Automatic Domain Adaptation Outperforms Manual Domain Adaptation for Predicting Financial Outcomes
Marina Sedinkina, Nikolas Breitkopf, Hinrich Sch\"utze

TL;DR
This paper demonstrates that automatically adapting sentiment dictionaries for financial outcome prediction outperforms manual methods, emphasizing the importance of context-based annotation over expert assumptions.
Contribution
It introduces an automatic domain adaptation method for sentiment dictionaries that surpasses manual adaptation in financial prediction tasks.
Findings
Automatic adaptation outperforms manual adaptation in predicting financial outcomes.
Context-based annotation improves sentiment dictionary accuracy.
Automatic methods achieve better results than previous state-of-the-art approaches.
Abstract
In this paper, we automatically create sentiment dictionaries for predicting financial outcomes.

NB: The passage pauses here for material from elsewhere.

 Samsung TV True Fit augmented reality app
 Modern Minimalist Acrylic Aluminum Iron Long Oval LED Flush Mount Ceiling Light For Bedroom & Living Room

We compare three approaches: (I) manual adaptation of the domain-general dictionary H4N, (ii) automatic adaptation of H4N and (iii) a combination consisting of first manual, then automatic adaptation. In our experiments, we demonstrate that the automatically adapted sentiment dictionary outperforms the previous state of the art in predicting the financial outcomes excess return and volatility. In particular, automatic adaptation performs better than manual adaptation. In our analysis, we find that annotation based on an expert's a priori belief about a word's meaning can be incorrect -- annotation should be performed based on the word's contexts in the target domain instead.